(Dataset items)
[Start of section]
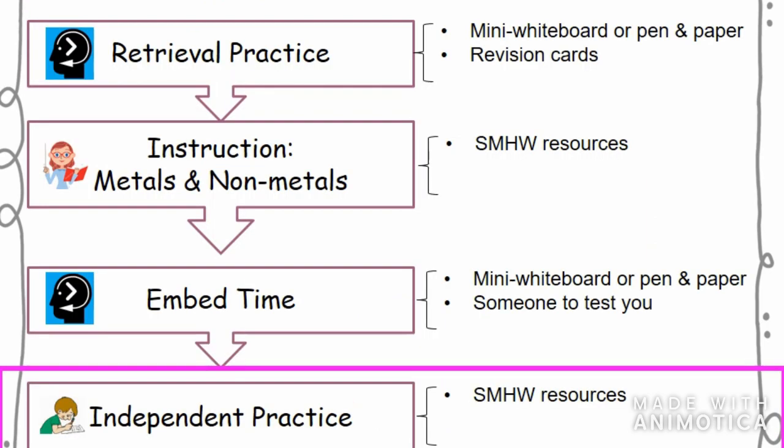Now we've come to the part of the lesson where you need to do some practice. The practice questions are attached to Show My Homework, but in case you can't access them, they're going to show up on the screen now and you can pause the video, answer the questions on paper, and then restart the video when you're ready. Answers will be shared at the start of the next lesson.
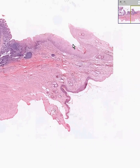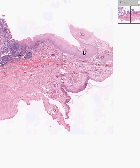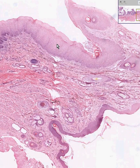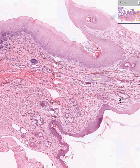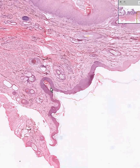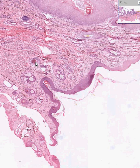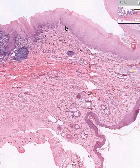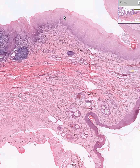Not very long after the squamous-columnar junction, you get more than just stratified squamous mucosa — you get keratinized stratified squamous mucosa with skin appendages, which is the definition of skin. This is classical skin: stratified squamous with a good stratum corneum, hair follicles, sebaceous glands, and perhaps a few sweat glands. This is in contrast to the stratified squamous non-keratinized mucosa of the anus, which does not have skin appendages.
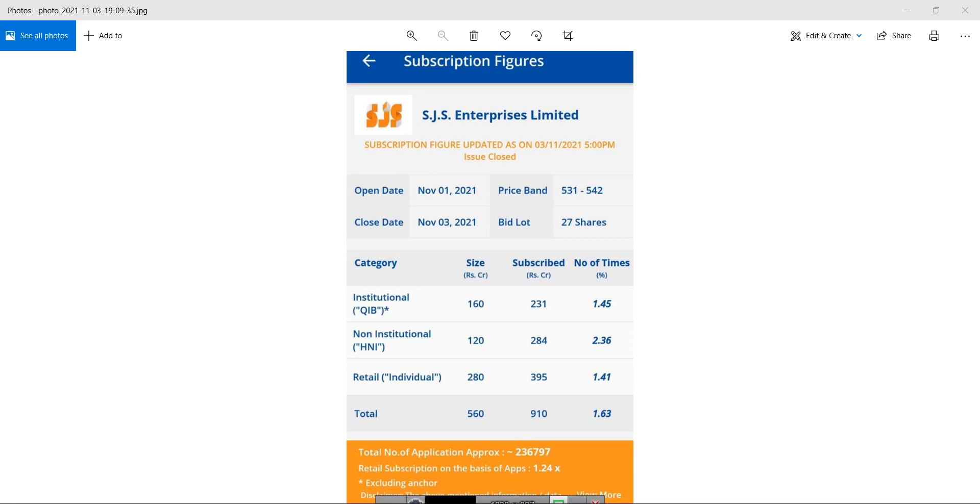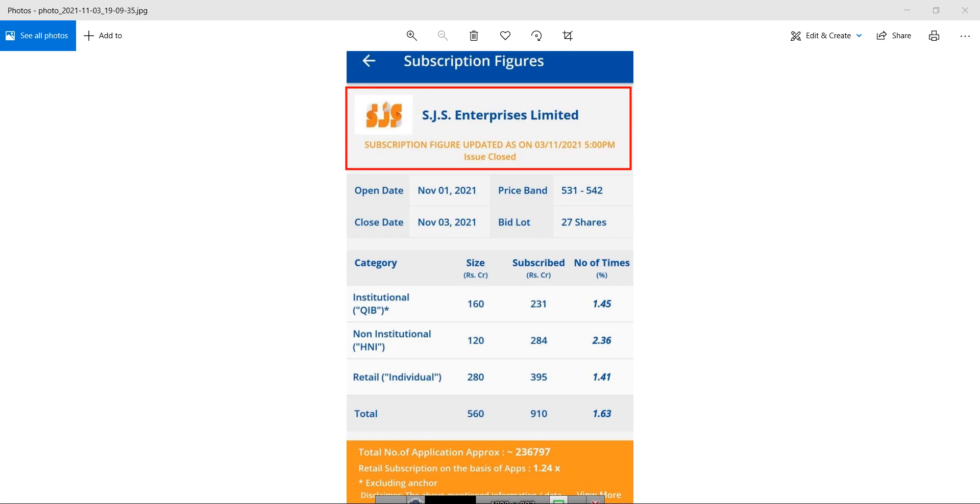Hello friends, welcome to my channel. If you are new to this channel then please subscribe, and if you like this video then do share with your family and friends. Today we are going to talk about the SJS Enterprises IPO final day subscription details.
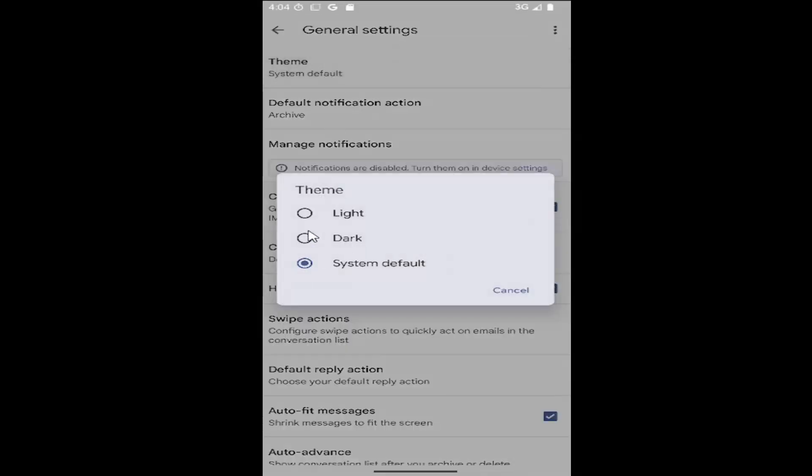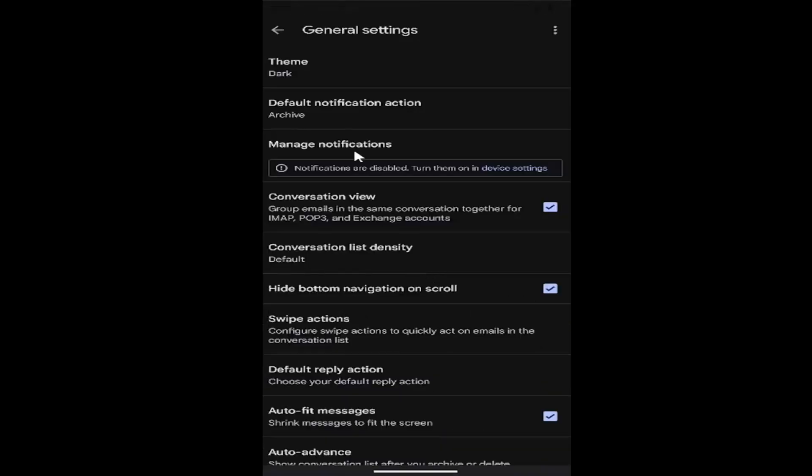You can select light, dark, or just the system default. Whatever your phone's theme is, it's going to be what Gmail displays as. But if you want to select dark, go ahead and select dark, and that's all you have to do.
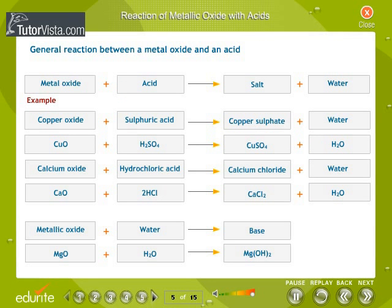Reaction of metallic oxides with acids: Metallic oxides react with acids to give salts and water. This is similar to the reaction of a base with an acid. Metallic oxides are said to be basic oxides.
[End of section]
How to complete this task » Reproduce the data word for word; no pictures.

Answer to this problem »
Now we've come to the part of the lesson where you need to do some practice. The practice questions are attached to Show My Homework, but in case you can't access them, they're going to show up on the screen now and you can pause the video, answer the questions on paper, and then restart the video when you're ready. Answers will be shared at the start of the next lesson.
Not very long after the squamous-columnar junction, you get more than just stratified squamous mucosa — you get keratinized stratified squamous mucosa with skin appendages, which is the definition of skin. This is classical skin: stratified squamous with a good stratum corneum, hair follicles, sebaceous glands, and perhaps a few sweat glands. This is in contrast to the stratified squamous non-keratinized mucosa of the anus, which does not have skin appendages.
Hello friends, welcome to my channel. If you are new to this channel then please subscribe, and if you like this video then do share with your family and friends. Today we are going to talk about the SJS Enterprises IPO final day subscription details.
You can select light, dark, or just the system default. Whatever your phone's theme is, it's going to be what Gmail displays as. But if you want to select dark, go ahead and select dark, and that's all you have to do.
Reaction of metallic oxides with acids: Metallic oxides react with acids to give salts and water. This is similar to the reaction of a base with an acid. Metallic oxides are said to be basic oxides.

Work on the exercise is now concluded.